HOW TO COMPLETE THIS TASK –
Please return the full listing exactly as written, with the images removed.

RECORDED INFORMATION –

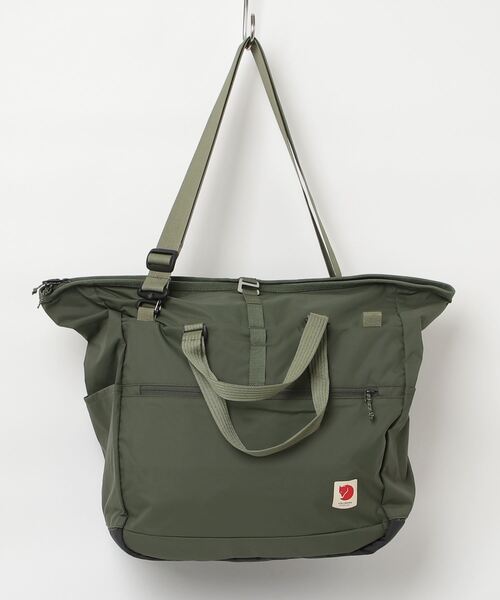 FJALL RAVEN (フェールラーベン)の「High Coast Tote 30(トートバッグ・レディース・ブラック/カーキ/ダークグリーン・ONE SIZE)」の2枚目の写真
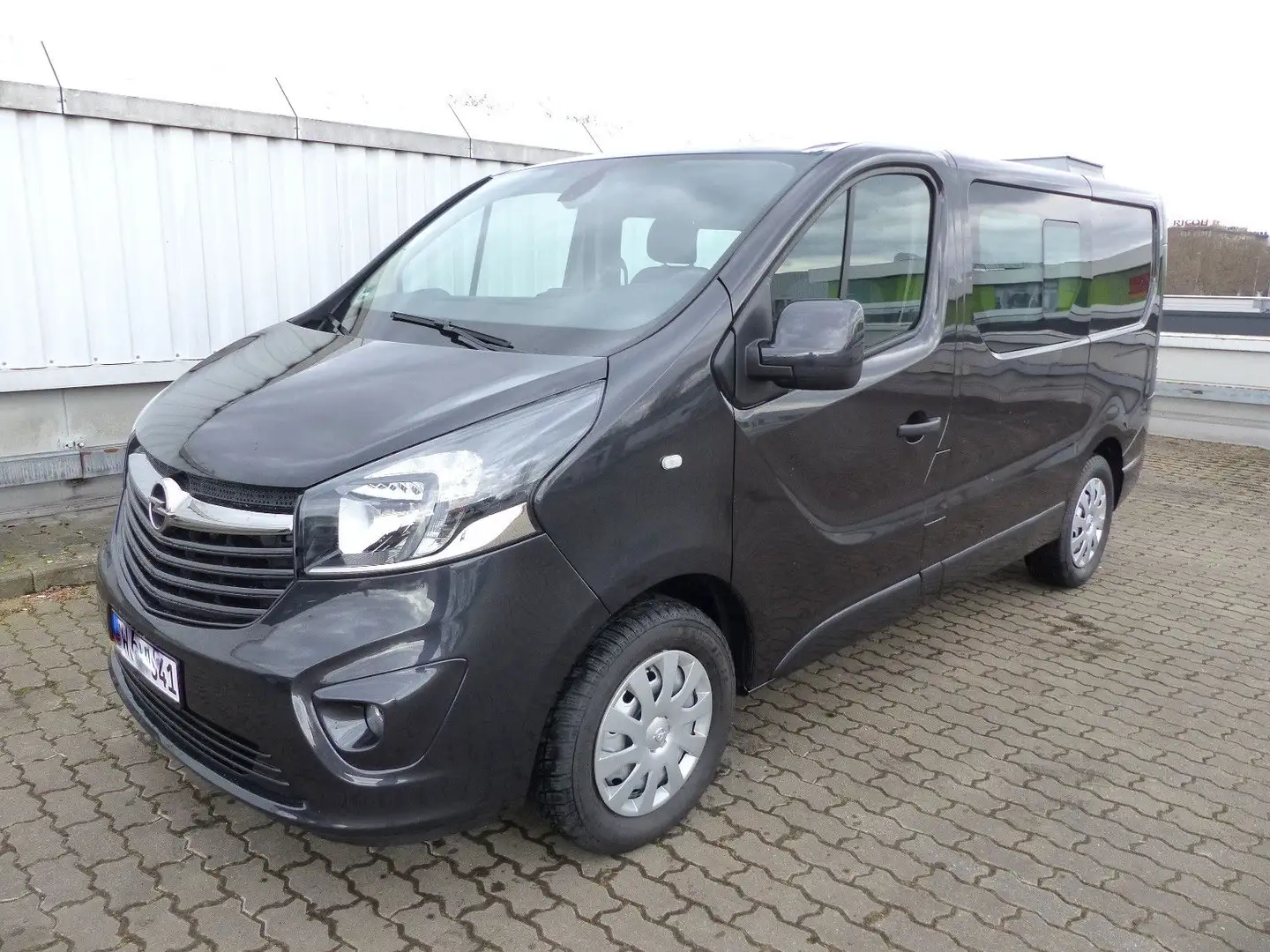 Opel Vivaro B Doppelkabine L1H1  2,7t Navi+5-Sitzer Schwarz - 1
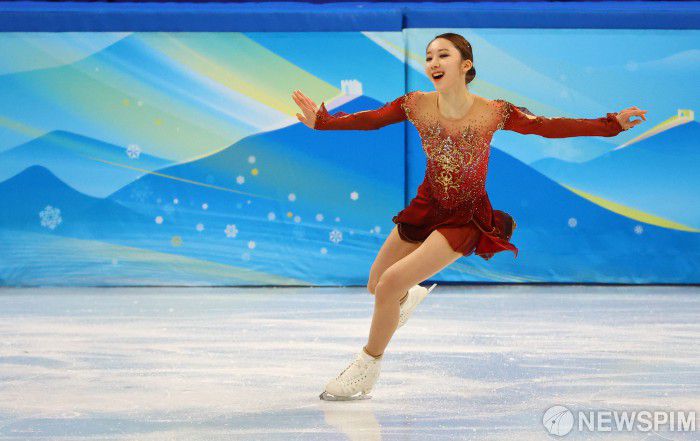 [베이징 로이터=뉴스핌] 소가윤 기자=김예림(19·수리고)이 17일(한국시간) 중국 베이징 캐피탈 실내경기장에서 열린 2022 베이징 동계올림픽 피겨 스케이팅 여자 싱글 프리스케이팅에 출전해 기술점수(TES) 68.61점, 예술점수(PCS) 66.24점, 총점 134.85점을 받아쇼트프로그램 점수 67.78점을 합해 최종 총점 202.63점을 기록했다. 김예림은 프리스케이팅에서 푸치니의 오페라 '투란도트'에 맞춰 클린 연기를 펼쳤다. 2022.02.17 sona1@newspim.com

RESULT FOR THIS EXERCISE –
 FJALL RAVEN (フェールラーベン)の「High Coast Tote 30(トートバッグ・レディース・ブラック/カーキ/ダークグリーン・ONE SIZE)」の2枚目の写真
 Opel Vivaro B Doppelkabine L1H1  2,7t Navi+5-Sitzer Schwarz - 1
 [베이징 로이터=뉴스핌] 소가윤 기자=김예림(19·수리고)이 17일(한국시간) 중국 베이징 캐피탈 실내경기장에서 열린 2022 베이징 동계올림픽 피겨 스케이팅 여자 싱글 프리스케이팅에 출전해 기술점수(TES) 68.61점, 예술점수(PCS) 66.24점, 총점 134.85점을 받아쇼트프로그램 점수 67.78점을 합해 최종 총점 202.63점을 기록했다. 김예림은 프리스케이팅에서 푸치니의 오페라 '투란도트'에 맞춰 클린 연기를 펼쳤다. 2022.02.17 sona1@newspim.com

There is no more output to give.